The Italian Football Federation (FIGC) has been placed under administration in a response to the match-fixing scandal that has stunned the country.
Juve fans were hailing a 29th title on Sunday but face disgrace now
Former senator Guido Rossi was named on Tuesday as "extraordinary commissioner" of the beleaguered governing body.
The 75-year-old Rossi is expected to introduce a raft of new legislation to clean up Italian football's reputation.
Four teams, including champions Juventus, are under investigation for match-fixing and illegal betting.
Rossi, a sports law expert, was previously in charge of the Italian stock market's regulator Consob.
His appointment follows a week that has seen FIGC president Franco Carraro and vice-president Innocenzo Mazzini resign amid allegations that the governing body had allowed Juve to choose referees for their games.
And on Sunday Juve's general manager Luciano Moggi, the man at the centre of the scandal, quit ahead of his grilling by prosecutors in Rome on Monday.
The Italian media on Tuesday published further intercepted telephone conversations between Moggi and football officials.
But the most damning involved calls between the Juve boss and outgoing Interior Minister Giuseppe Pisanu.
According to the transcripts, Moggi tried to pressure the politician to allow games to go ahead despite the imminent death of Pope John Paul II.
Juventus, who are owned by the powerful Agnelli family that also controls car manufacturer Fiat, were scheduled to play against a Fiorentina team that had two players suspended and two others injured.

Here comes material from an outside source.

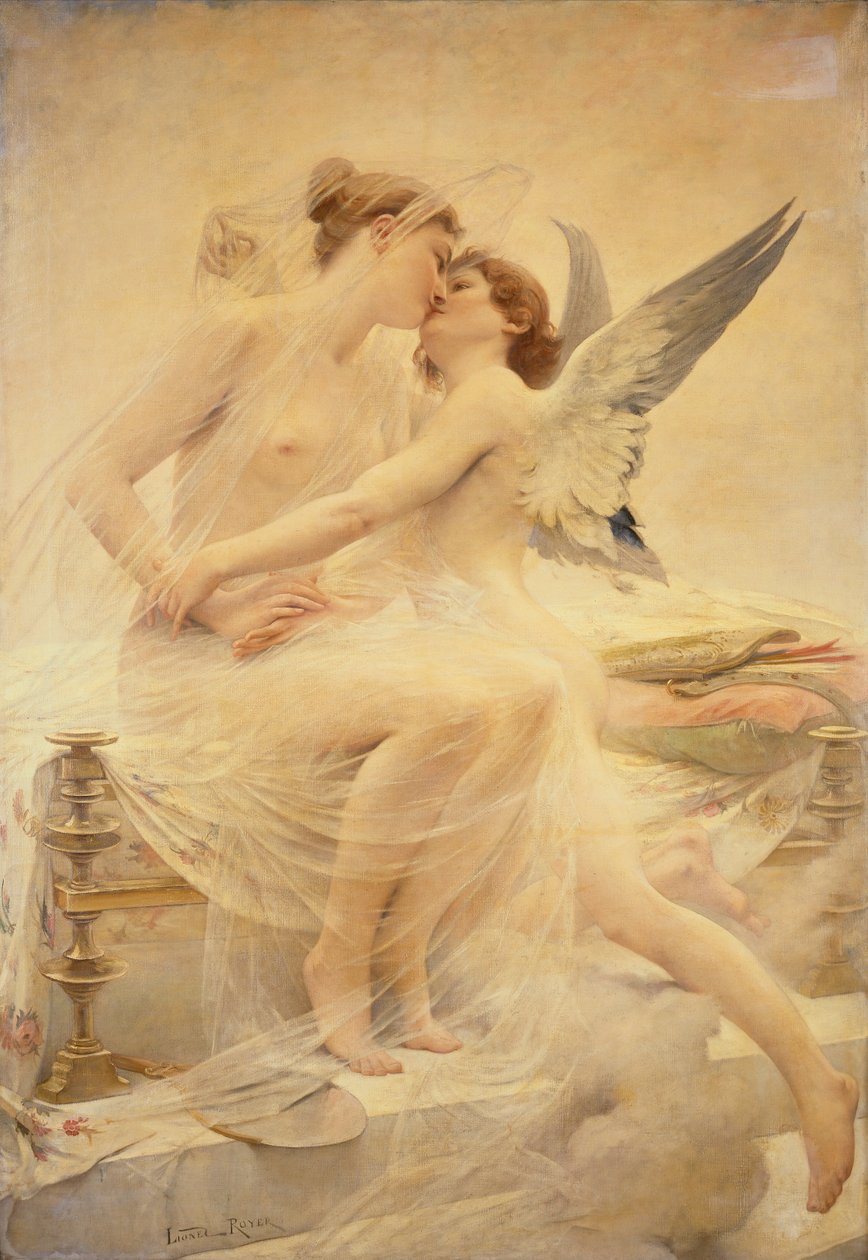Cupido e Psique (óleo sobre tela) de Lionel Noel Royer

The game was postponed when the pope died.
In an earlier call, Pisanu asked Moggi to help third-division Torres, a club based in Pisanu's native Sardinia.
On Tuesday Pisanu expressed his annoyance that wiretaps "of no penal relevance" had been published and said: "I've known Luciano Moggi for 40 years and I don't have anything to hide about my relationship with him."
As well as Juventus, leading clubs AC Milan, Fiorentina and Lazio are also being investigated for alleged match-fixing and the manipulation of referee assignments.
Among those called to give evidence in Rome on Tuesday are AC Milan coach Carlo Ancelotti, Inter coach Roberto Mancini, Serie A president Adriano Galliani and former referee Pierluigi Collina. The four are not under investigation but are being interviewed as "persons who may have knowledge of events".
Juve and Italy star Buffon has been questioned about illegal betting
And magistrates in Naples have launched a related investigation into illegal betting.
This probe is concentrating on the possible rigging of 20 games two seasons ago - all but one in Serie A. Among the 41 people under investigation is Juve and Italy goalkeeper Gianluigi Buffon.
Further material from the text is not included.